Dia dibawa ke rumah sakit di kota terdekat Bab al-Hawa, yang sudah kewalahan. “Di bagian anak-anak kami memiliki 24 tempat tidur dan lima inkubator, tetapi kami menerima puluhan anak. Kami hampir kehabisan kapasitas. Dan kami adalah satu-satunya rumah sakit yang punya bagian bedah anak di daerah tersebut,” kata Alsfouk.
Baca Juga: Gempa Turki-Suriah, Bocah Perempuan Jadikan Badannya Perisai untuk Lindungi Adik dari Reruntuhan
Dilihat oleh seorang jurnalis AP pada hari Rabu, Jana berteriak kesakitan dan kebingungan di tempat tidurnya, melambai-lambaikan selang infus di tangannya. Wajahnya penuh luka.
Belakangan, seorang kakak dari orang tuanya datang, lalu Jana dibebaskan untuk pulang bersamanya, kata Alsfouk.
Rumah Alsfouk sendiri hancur dan keluarganya pindah sementara ke teman-temannya. Selama berhari-hari dia merawat anak-anak yang terluka, beberapa di antaranya tidak selamat.
“Seluruh pengalaman itu mengerikan.

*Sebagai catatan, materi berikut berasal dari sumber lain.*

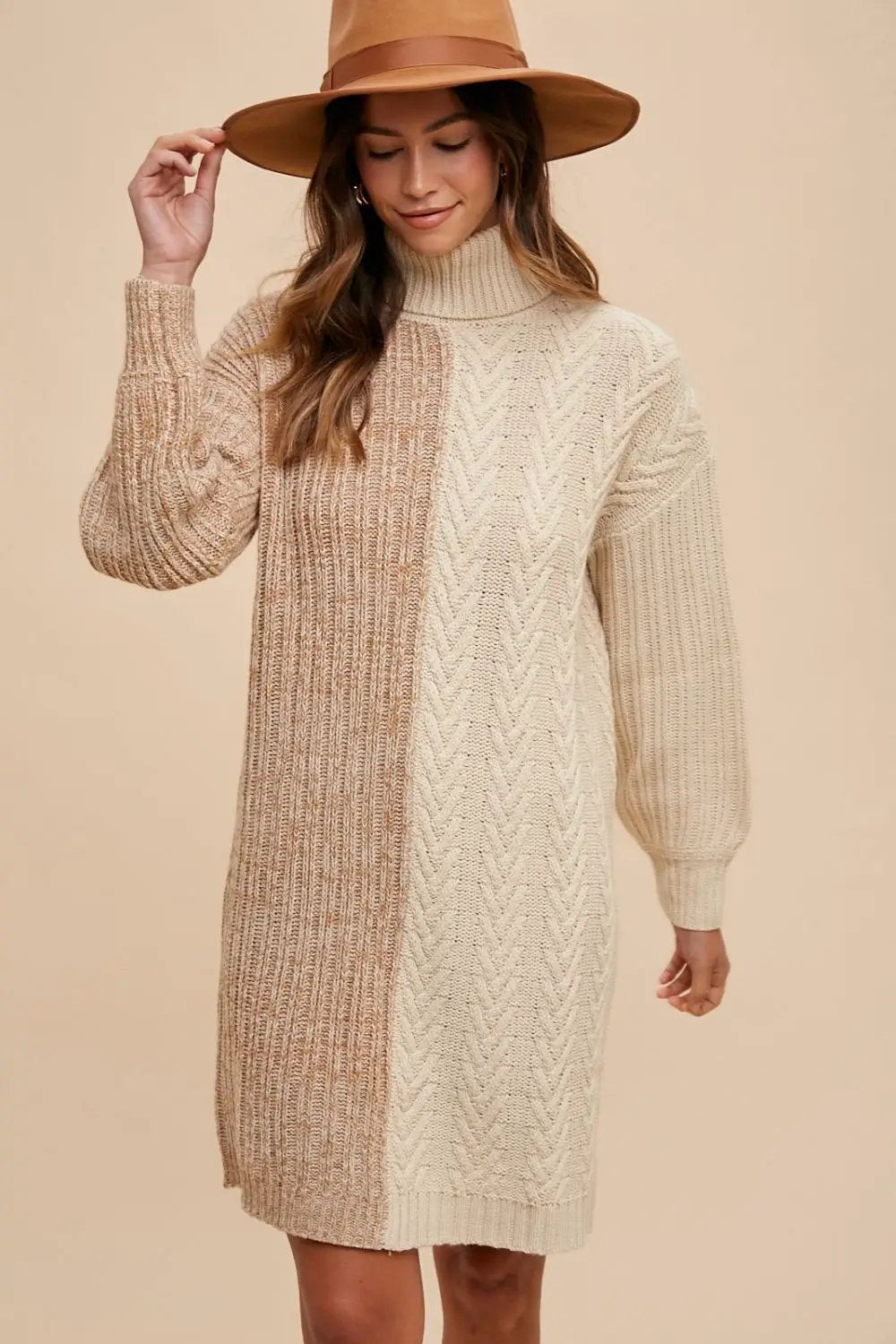 Imogen | Colour Block Turtleneck Sweater Dress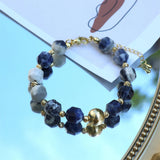 9mm Natural Stone Women Bracelets Charm Big Faceted Beads Bracelets Adjustable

Sulit untuk menahan kesedihan Anda setelah mencoba menyelamatkan seorang anak tetapi tidak bisa, karena Anda kemudian harus beralih ke puluhan anak lain yang membutuhkan bantuan," kata Alsfouk.
Untuk saat ini, terlalu membingungkan untuk menentukan jumlah anak yang kini menjadi yatim piatu, kata Dr. Muheeb Qaddour, wakil kepala departemen kesehatan di provinsi Idlib Suriah, yang merupakan pusat kantong terakhir yang dikuasai oposisi di barat laut negara itu dan kini kesusahan terkena gempa.
“Tapi sekarang orang mulai sadar banyak anak sekarang tanpa keluarga. Ada pelukan besar dari mereka oleh masyarakat. Kerabat jauh mengambil mereka sebelum mereka pergi ke panti asuhan,” tuturnya sedih. “Sayangnya, hanya setelah debu gempa mereda, semuanya menjadi jelas.”